Analytics and Data Science in Telecoms:
Network Congestion Forecasting
In the epilogue to “As You Like It” Shakespeare wrote, “If it be true that good wine needs no advertisement, ‘tis true that a good play needs no epilogue; yet good advertisement adds to the popularity of good wine, and good plays prove the better by the help of good epilogues.” Following in his footsteps this blog intends to give a ‘good advertisement’ to the work being done at Sonalake in the field of data analytics for telecom service providers (telcos).
The telecoms industry, with its huge volumes of rich data, presents a ripe target for advanced analytics. As we combine deep telecoms domain knowledge with a breadth of experience building analytics software across verticals, it’s a great space for us to pitch in with our expertise. It also presents an opportunity to leverage our VisiMetrix executive dashboard solution that is already deployed within several telcos.
In this series of posts, I will describe some of the research areas we are exploring at Sonalake. For the first post, we will concentrate on congestion forecasting.

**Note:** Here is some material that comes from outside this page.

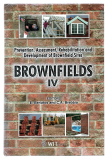 Brownfield Sites IV.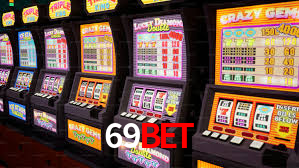 69bet app login baixar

Network congestion is a widespread problem for telcos as it diminishes quality of service (QoS) for users. Telcos monitor congestion round the clock in an effort to highlight QoS issues so that they can be addressed promptly. They also preemptively address issues where they can, but the tools to flag such issues are limited. Most of them rely on guesswork of experienced operators and to our knowledge a completely automated solution does not exist.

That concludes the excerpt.